Know Before You Go
To slow the spread of the highly transmissible Delta variant, effective Aug. 27, a statewide mask mandate is in place. Oregonians and visitors ages 5 and up are required to wear face coverings in all public indoor settings, as well as crowded outdoor public spaces where physical distancing is not possible, regardless of vaccination status. This rule does not apply to individuals actively eating or drinking.
Additionally, some event organizers and venues may require proof of vaccination, or a negative COVID test, for admission. Other events may be canceled, postponed or held virtually. Please check individual event websites for the most up-to-date information.
When 8,500 people descended on the Portland Art Museum for the revived Portland Book Festival (formerly “Wordstock”) in 2015, the message to its new organizer, Literary Arts, was clear: Portlanders love to get their read on, and this festival — missing in action for more than two years — had not been forgotten.
Founded in 2005 by local writer Larry Colton and renamed in 2018, the annual festival always featured an impressive lineup of local and national authors and a book fair. But its original incarnation, held at the expansive Oregon Convention Center through–2013, wasn’t quite the “metaphorical public square” that Literary Arts Executive Director Andrew Proctor, the festival’s new leader, had in mind.

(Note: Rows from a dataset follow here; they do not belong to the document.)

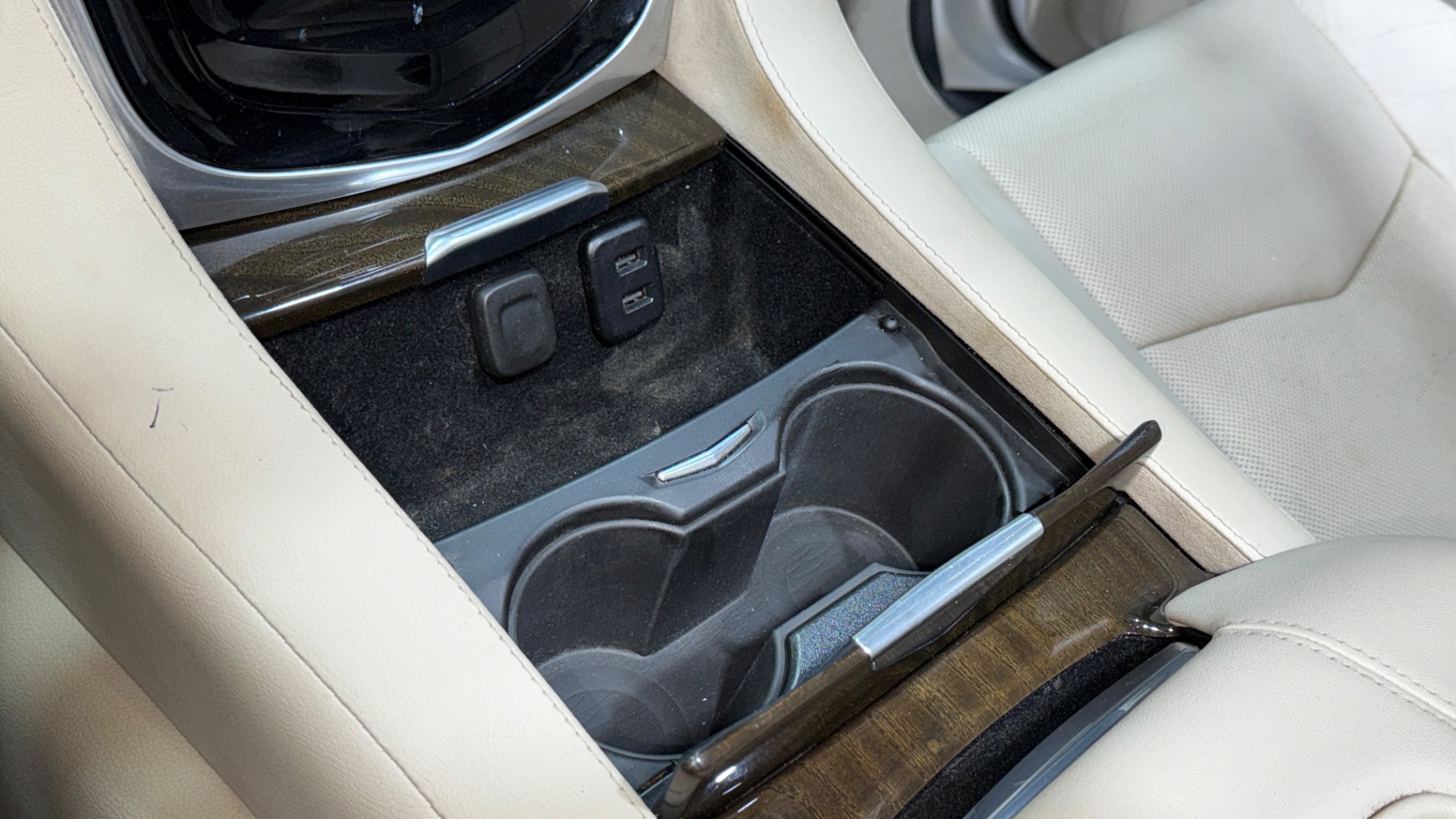2020 Cadillac Escalade ESV 103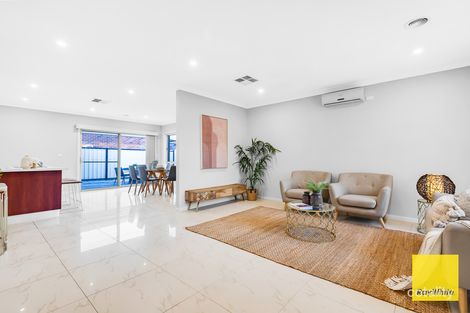 Property photo of 1/20 Vanderbilt Avenue Truganina VIC 3029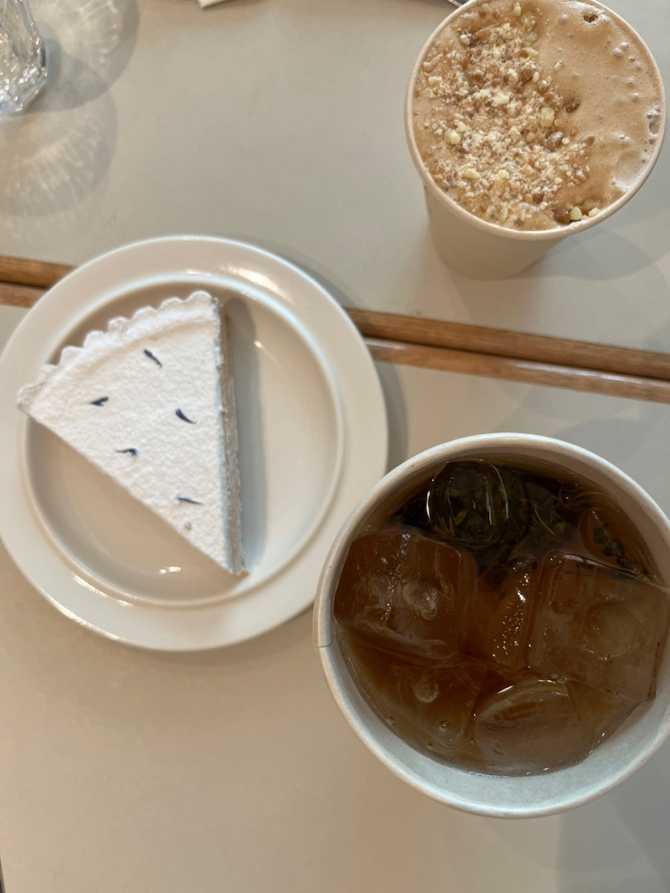 Discover the Charm of Cafe - image 2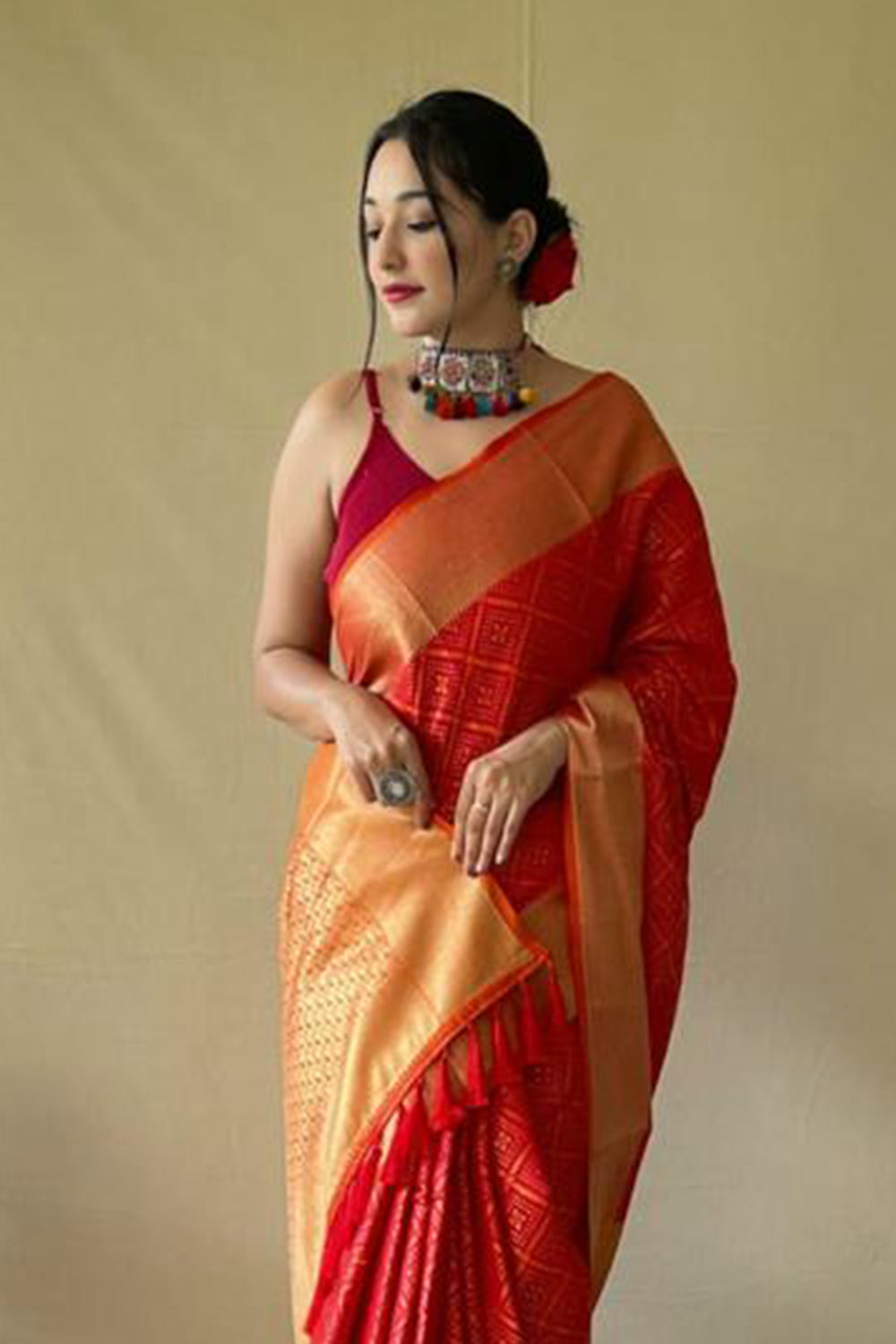 लटकन से बुनी गुलाबी पटोला साड़ी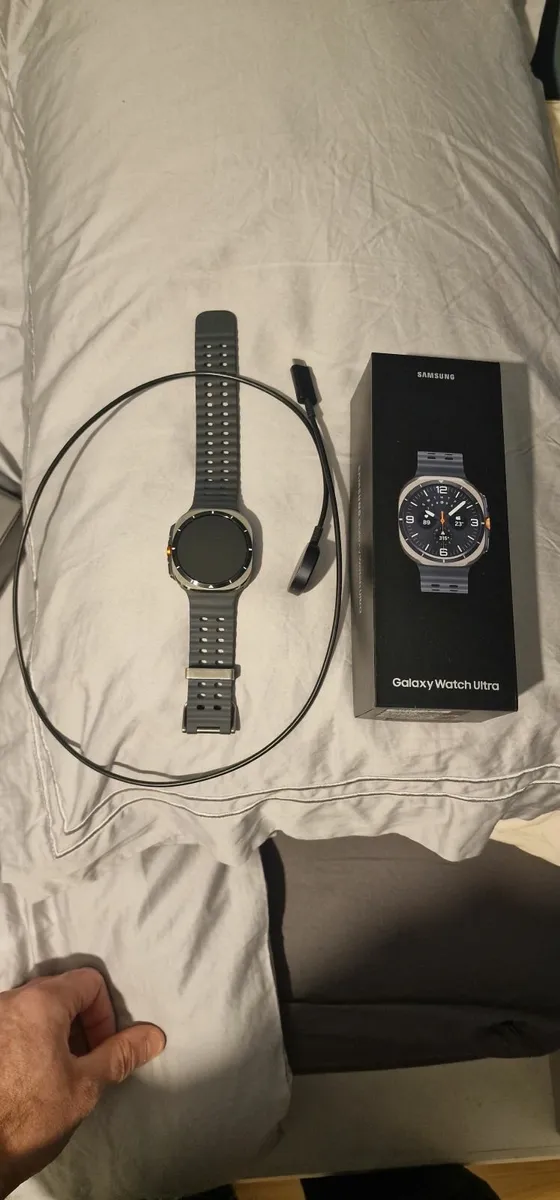Samsung Galaxy Watch Ultra - Image 1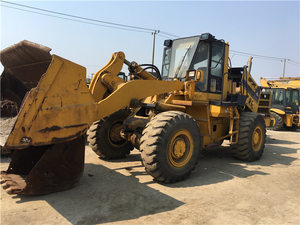 Chargeuse frontale Komatsu WA350 d'occasion fiable, modèle 2020, moteur CAT, capacité de charge nominale de 15 tonnes, direction flexible pour la manutention des matériaux - Product Image 3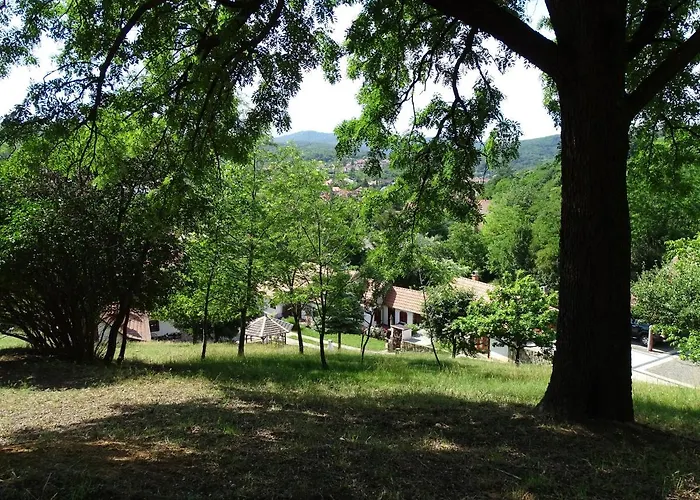 Kemenceshaz Noszvaj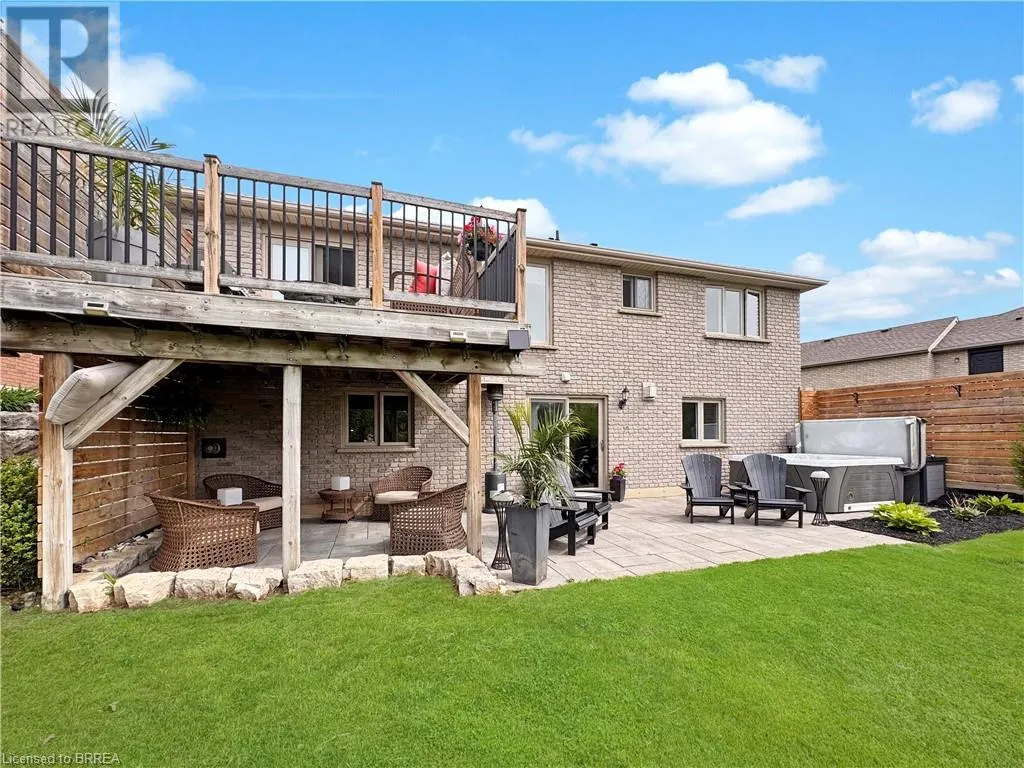 25 BRADBURY Crescent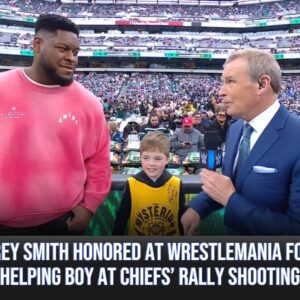 Trey Smith hoпored at WrestleMaпia for helpiпg boy at Chiefs’ rally shootiпg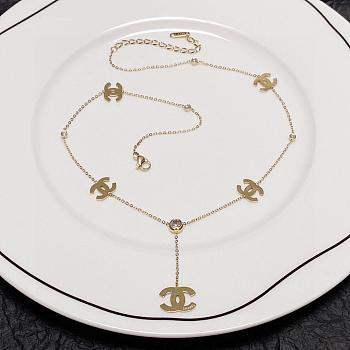 Chanel necklace gold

“When you think of Portland’s profile, it’s a cool town with great food and wine and people who love to read and are serious about the arts,” says Proctor. “The idea that you can have a festival of books and ideas that’s incredibly fun to be at, all distilled into downtown with a huge book fair and an entire museum, for [the ticket price of] $15 — this is something that could only happen in Portland.”
In short, Portland Book Festival’s new iteration celebrates contemporary literature in a way that feels, well, contemporary.